YOLO family has its very own labeling format. Before we get to the pipeline setup, let’s first look at how it labels and outputs for each image

For each {image}.jpg, we have a labeled file {image}.jpg with the same name on {image}.txt.

In the output file {image}.txt, we have format <object-class><x><y><width><height>, where

  • <object-class> represents object category with: ‘person’, ‘bicycle’, ‘car’, ‘motorcycle’, ‘airplane’, ‘bus’, … where 0 stands for ‘person’, 1 stands for ‘bicycle’ and so on
  • <x><y><width><height> are float point proportional to image actual height and width, i.e. <height> = <abs_height>/<image_height>. Ranges from 0.0-1.0, where <x><y> is the center of the image.
Toronto YOLOv5 Toronto Detectron2 Toronto
Object Detection on image Toronto.jpg(original, YOLOv5, Detectron2)
\[\begin{array}{|l|l|l|l|l|} \hline \text { Class} & \text { x } & \text { y } & \text { width } & \text { height } \\ \hline 2 & 0.0699219 & 0.672917 & 0.139844 & 0.265278 \\ \hline \end{array}\]

Pipeline Setup

Code Source

One huge improvement for YOLOv5 is that compared to previous YOLO models, YOLOv5 is purely written in PyTorch, and therefore well maintained and ready for production.

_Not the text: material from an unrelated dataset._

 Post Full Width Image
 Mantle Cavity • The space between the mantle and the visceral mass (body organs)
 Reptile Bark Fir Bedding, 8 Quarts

The code setup in Colab is also very easy. First download and install the YOLOv5 dependency by running block

!git clone  # clone repo
!pip install -U -r yolov5/requirements.txt  # install dependencies
%cd /content/yolov5

Make show your runtime is GPU in colab as well.

The the dependency

import torch
from IPython.display import Image  # for displaying images
from utils.google_utils import gdrive_download  # for downloading models/datasets
print('torch %s %s' % (torch.__version__, torch.cuda.get_device_properties(0) if torch.cuda.is_available() else 'CPU'))

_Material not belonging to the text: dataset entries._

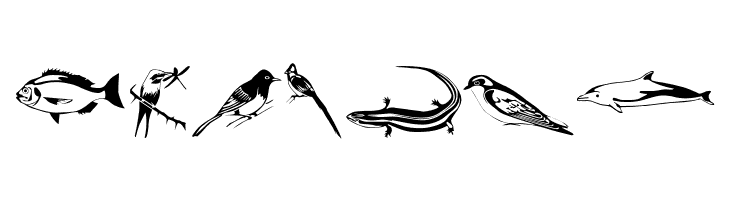 Afrika Safari F Gogga  Free Fonts Download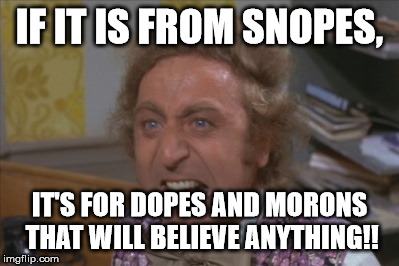 Angry Willy Wonka | IF IT IS FROM SNOPES, IT'S FOR DOPES AND MORONS THAT WILL BELIEVE ANYTHING!! | image tagged in angry willy wonka | made w/ Imgflip meme maker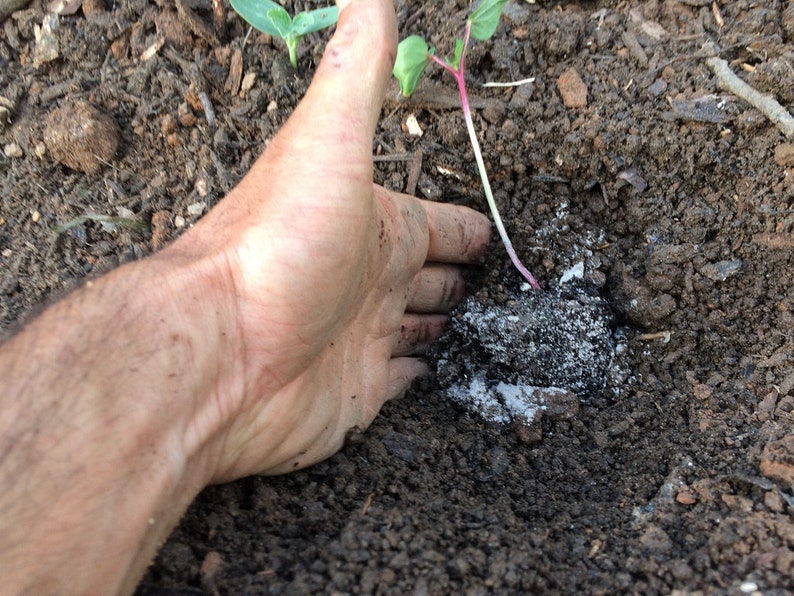 Pode incluir: Uma m&atilde;o &eacute; mostrada ao lado de uma pequena planta crescendo em solo escuro. P&oacute; branco &eacute; espalhado ao redor da base da planta.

import torch.backends.cudnn as cudnn

from models.experimental import *
from utils.datasets import *
from utils.torch_utils import *
import utils.torch_utils as torch_utils
from utils.general import (
    check_img_size, non_max_suppression, apply_classifier, scale_coords, xyxy2xywh, plot_one_box, strip_optimizer)
from utils.torch_utils import select_device, load_classifier, time_synchronized
from google.colab.patches import cv2_imshow

After that, put in all the images/video you want to detect inside colab directory yoloV5/inference/images, and then run either the following blocks. The result can be obtained in directory yoloV5/inference/output

The first block does all the jobs already, which simply runs the in yoloV5, but with preset parameters

!python --source ./inference/images/ --save-txt --classes 0 --weights --conf 0.4

The following block spread out the and customize the benchmark.

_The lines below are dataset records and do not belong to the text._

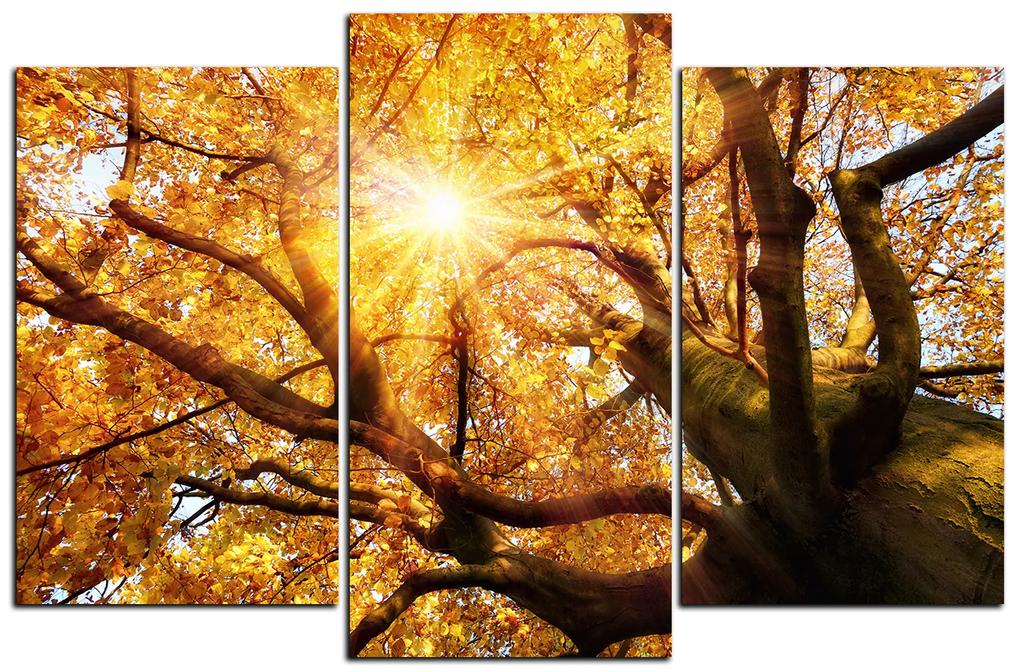 Obraz na plátne - Slnko cez vetvi stromu 1240C (150x100 cm)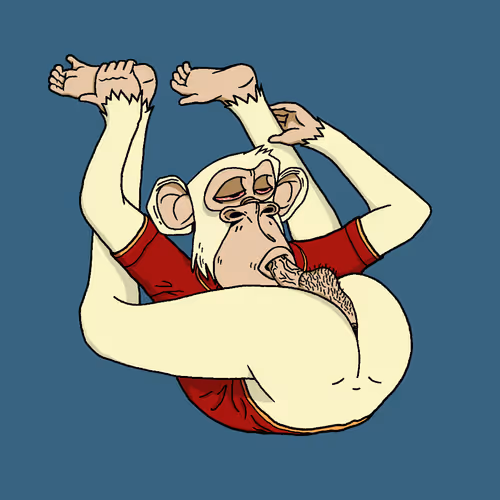 Boredapeyogaclub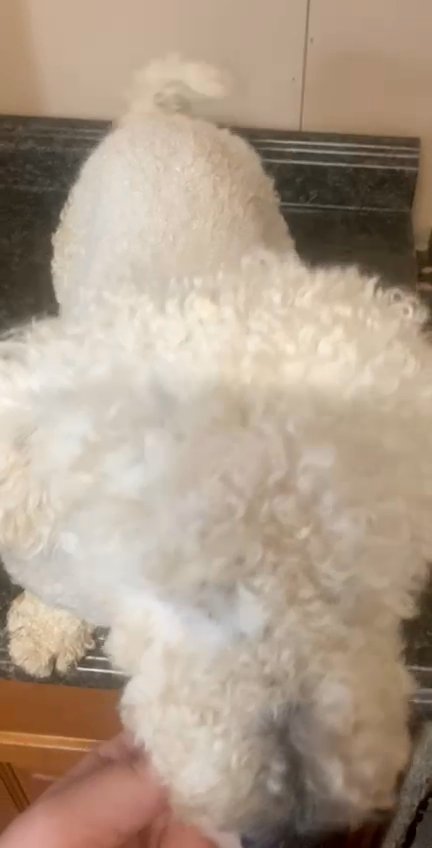 AKC registered Bichon Frise in Nashville, Tennessee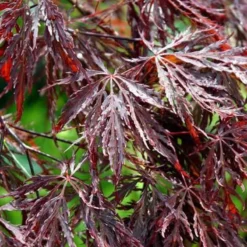 Acer Palm. 'Inaba Shidara' (JAPANSK DVÆRGLØN) Stammehøjde 80-100 Cm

You can also checkout YOLOv5 official doc for fine-tunning the model and training on your own dataset

Benchmark On YOLOv5 & Detectron2

  • Detectron2 Baseline

    Code Source

  • Dataset

    The dataset we are using are Multi-camera pedestrians video from EPFL, Joint Attention in Autonomous Driving (JAAD) Dataset and some uncalibrated camera videos donated as ‘custom dataset’. Those dataset are selected purposely since our social distance detection program will mainly be used for public area pedestrian walks, and analyzing real time camera footages. The dataset from EPFL contains simulation for multiple person random walking, which can be used to test on the model’s computation capability. Dataset JAAD contains footage shot in cars, and videos contain various crosswalks and pedestrians are selected to test on the scalability of the models. Finally, the custom dataset is also selected to increase the variability among datasets and test on models’ robustness.

  • Testing Environment

    This test is set up in the Colab notebook environment, facilitated by default GPU (Tesla K80 GPU) setting. For Detectron2, since there are a lot of model settings, we are using Fast R-CNN R50-FPN backbone on RPN & Fast R-CNN baseline model for top-class prediction accuracy. For YOLOv5, we accept all predefined parameters such as the number of full connections and CNN layers. We use pre trained YOLOv5l weight to maintain a fast GPU speed, while achieving high AP(Average Precision).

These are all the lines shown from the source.